Matt Luciw, Vincent Graziano, Mark Ring, Jürgen Schmidhuber. Artificial
Curiosity with Planning for Autonomous Visual and Perceptual
Development. In Proc. Joint IEEE International Conference
on Development and Learning (ICDL) and on Epigenetic Robotics
(ICDL-EpiRob 2011), Frankfurt, 2011.
Abstract
Autonomous agents that learn from reward on high- dimensional visual
observations must learn to simplify the raw observations in both
space (i.e., dimensionality reduction) and time (i.e., prediction),
so that reinforcement learning becomes tractable and effective.

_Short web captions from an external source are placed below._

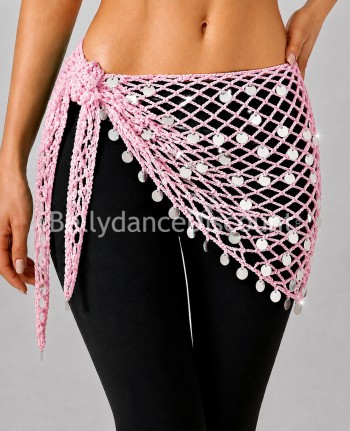 Foulard oriental filet rose pâle et pastilles argentées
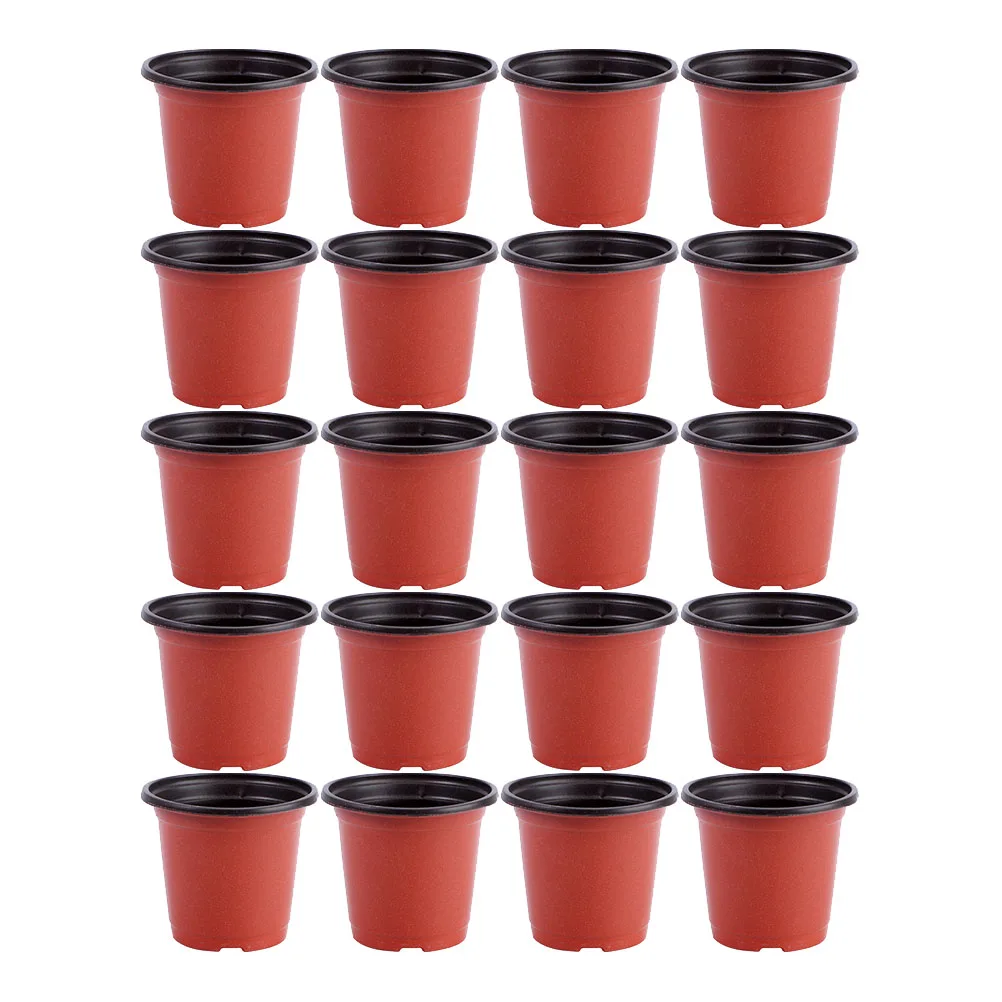 

20 Pcs Soft Plastic Flower Pot Red Black Garden Balcony for Succulents Hydroponics Lightweight Durable Practical Easy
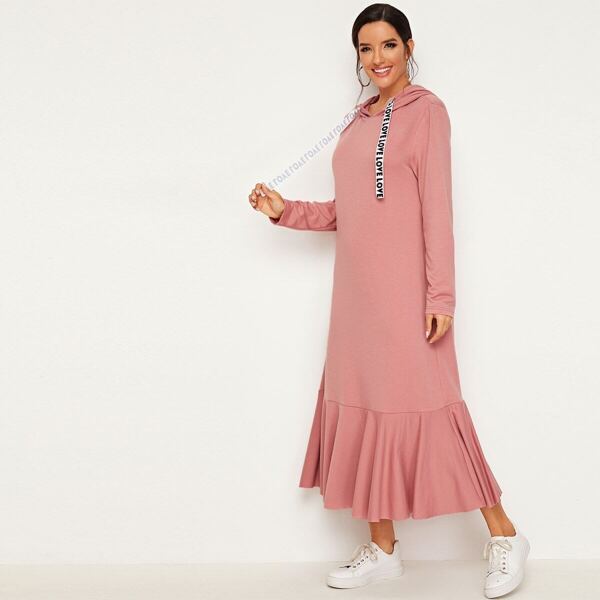 

Letter Tape Drawstring Flounce Hem Hoodie Dress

Training the spatial and temporal models requires an appropriate
sampling scheme, which cannot be hard- coded if the algorithm is to
be general. Intrinsic rewards are associated with samples that best
improve the agent’s model of the world. Yet the dynamic nature of an
intrinsic reward signal presents a major obstacle to successfully
realizing an efficient curiosity-drive. TD-based incremental
reinforcement learning approaches fail to adapt quickly enough to
effectively exploit the curiosity signal. In this paper, a novel
artificial curiosity system with planning is implemented, based on
developmental or continual learning principles. Least-squares policy
iteration is used with an agent’s internal forward model, to
efficiently assign values for maximizing combined external and
intrinsic reward. The properties of this system are illustrated in a
high- dimensional, noisy, visual environment that requires the agent
to explore. With no useful external value information early on, the
self-generated intrinsic values lead to actions that improve both
its spatial (perceptual) and temporal (cognitive) models. Curiosity
also leads it to learn how it could act to maximize external reward.